Та же ностальгическая тональность чувствуется в повести Каринэ Арутюновой «Простые вещи» («Волга», № 9, 2019). Весь текст подчеркнуто простой и ясный — это медитативное любование обыденностью, перечисление дорогих воспоминаний, написанное для неторопливого, спокойного чтения: «Память — это не увешанная планками грудь юбиляра, не пыльный альбом с черно-белыми снимками. Это нежное свечение изнутри. Звук аккордеона из колодца чужого двора. Спотыкающаяся гамма из окна напротив. Уголок тюлевой занавески. Пыльный фикус на подоконнике. Мелодичный перезвон посуды. Топот обиженных ног. Его запрокинутое лицо. Его честные слезы. Ее наивный триумф. Легкость обожания. Дыхания. Походки. Восторг междометий, пожатие сведенных робостью пальцев».

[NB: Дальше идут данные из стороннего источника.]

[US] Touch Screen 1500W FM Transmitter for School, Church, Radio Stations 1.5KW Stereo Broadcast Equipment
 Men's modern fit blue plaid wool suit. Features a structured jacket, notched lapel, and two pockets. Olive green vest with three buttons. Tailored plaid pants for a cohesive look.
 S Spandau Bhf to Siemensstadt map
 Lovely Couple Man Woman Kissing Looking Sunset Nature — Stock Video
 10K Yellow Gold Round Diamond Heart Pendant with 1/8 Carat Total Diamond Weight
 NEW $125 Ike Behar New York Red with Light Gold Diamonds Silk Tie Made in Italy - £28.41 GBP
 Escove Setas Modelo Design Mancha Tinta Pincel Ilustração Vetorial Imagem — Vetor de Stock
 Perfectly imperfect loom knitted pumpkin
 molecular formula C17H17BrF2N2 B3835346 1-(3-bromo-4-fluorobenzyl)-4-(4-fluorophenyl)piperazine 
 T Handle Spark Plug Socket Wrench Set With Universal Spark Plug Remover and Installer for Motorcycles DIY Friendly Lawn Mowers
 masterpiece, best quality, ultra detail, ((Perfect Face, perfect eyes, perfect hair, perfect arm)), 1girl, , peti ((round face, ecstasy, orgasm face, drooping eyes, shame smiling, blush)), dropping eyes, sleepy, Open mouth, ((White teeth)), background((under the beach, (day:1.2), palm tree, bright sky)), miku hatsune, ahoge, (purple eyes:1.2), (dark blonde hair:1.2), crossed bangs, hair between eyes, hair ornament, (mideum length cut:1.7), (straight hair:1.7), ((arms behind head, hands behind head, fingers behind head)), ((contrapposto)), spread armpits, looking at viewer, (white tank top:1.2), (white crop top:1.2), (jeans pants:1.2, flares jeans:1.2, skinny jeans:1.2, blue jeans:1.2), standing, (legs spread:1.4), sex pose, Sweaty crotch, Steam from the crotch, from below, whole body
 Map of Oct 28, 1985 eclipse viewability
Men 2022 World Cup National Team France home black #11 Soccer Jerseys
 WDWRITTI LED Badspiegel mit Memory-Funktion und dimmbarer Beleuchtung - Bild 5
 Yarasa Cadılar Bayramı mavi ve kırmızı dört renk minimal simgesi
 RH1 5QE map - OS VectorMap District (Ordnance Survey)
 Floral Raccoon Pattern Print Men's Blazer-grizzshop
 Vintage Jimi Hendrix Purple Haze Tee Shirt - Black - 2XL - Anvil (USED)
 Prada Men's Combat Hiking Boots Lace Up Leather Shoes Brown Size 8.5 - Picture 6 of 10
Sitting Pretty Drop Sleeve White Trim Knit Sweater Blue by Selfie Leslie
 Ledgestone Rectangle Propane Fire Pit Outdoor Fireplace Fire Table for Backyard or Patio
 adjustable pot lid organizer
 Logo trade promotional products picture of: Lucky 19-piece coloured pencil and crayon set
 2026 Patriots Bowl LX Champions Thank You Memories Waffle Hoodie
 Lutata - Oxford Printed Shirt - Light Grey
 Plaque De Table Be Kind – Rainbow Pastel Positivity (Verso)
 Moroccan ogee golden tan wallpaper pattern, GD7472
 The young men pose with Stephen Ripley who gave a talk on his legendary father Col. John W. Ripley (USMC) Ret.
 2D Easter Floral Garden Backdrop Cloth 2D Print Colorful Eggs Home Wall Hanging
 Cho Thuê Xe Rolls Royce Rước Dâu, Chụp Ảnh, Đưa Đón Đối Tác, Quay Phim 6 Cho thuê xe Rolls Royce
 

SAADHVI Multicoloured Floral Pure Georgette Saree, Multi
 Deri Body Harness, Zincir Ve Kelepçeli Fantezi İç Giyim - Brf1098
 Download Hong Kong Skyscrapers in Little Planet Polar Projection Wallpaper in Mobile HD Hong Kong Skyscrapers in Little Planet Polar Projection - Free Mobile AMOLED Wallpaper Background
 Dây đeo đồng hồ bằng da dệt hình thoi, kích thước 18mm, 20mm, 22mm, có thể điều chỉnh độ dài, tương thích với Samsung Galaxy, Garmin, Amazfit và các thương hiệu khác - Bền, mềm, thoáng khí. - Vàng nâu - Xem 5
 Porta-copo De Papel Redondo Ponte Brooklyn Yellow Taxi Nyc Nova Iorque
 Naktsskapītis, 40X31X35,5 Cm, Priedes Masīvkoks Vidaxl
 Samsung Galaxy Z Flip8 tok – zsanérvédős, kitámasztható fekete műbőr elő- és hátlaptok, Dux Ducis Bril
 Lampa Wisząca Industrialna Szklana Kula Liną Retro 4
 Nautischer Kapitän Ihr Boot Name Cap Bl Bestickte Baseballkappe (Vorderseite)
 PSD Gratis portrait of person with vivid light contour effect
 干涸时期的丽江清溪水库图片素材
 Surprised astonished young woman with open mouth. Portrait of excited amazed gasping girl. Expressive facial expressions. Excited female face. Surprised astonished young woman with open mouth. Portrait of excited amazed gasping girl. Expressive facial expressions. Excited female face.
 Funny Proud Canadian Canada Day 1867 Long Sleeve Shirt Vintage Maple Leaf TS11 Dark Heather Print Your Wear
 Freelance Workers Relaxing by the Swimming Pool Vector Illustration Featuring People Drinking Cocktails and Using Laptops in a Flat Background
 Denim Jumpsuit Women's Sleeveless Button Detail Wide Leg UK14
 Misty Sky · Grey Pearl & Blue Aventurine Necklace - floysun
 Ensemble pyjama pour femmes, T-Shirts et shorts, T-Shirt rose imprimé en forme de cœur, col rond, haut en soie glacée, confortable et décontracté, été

Череда ностальгических миниатюр кажется вполне самодостаточной и не требующей никаких рациональных оправданий, чтобы просто быть, просто напоминать автору и читателям о самых светлых моментах детства, но автор поясняет, что простые вещи — не такие уж простые:
«Конечно, иллюзию безопасности создавали родители. Дома, среди книг. Зарыться, отсидеться, отогреться (на потом, навсегда) на низком топчане у коротковолнового приемника, за папиной спиной, под клацанье печатной машинки («Эрика», «Мерседес»), или на Подоле, у тети. Весь мир, выстроенный, обжитый исключительно для тебя — вот он, поток безграничной любви. Что было до того (слезы, потери, страхи) — не важно, ты всего этого не знаешь еще: ни про эвакуацию, ни про соседей, ни про самое страшное, о чем не принято вслух: тебе на фарфоровом блюдце — вся мощь и сила добра, в котором ты расцветаешь и плавишься, — на вырост, на потом».
Тем же, кому любви на вырост не хватило, остается черпать ее в литературе.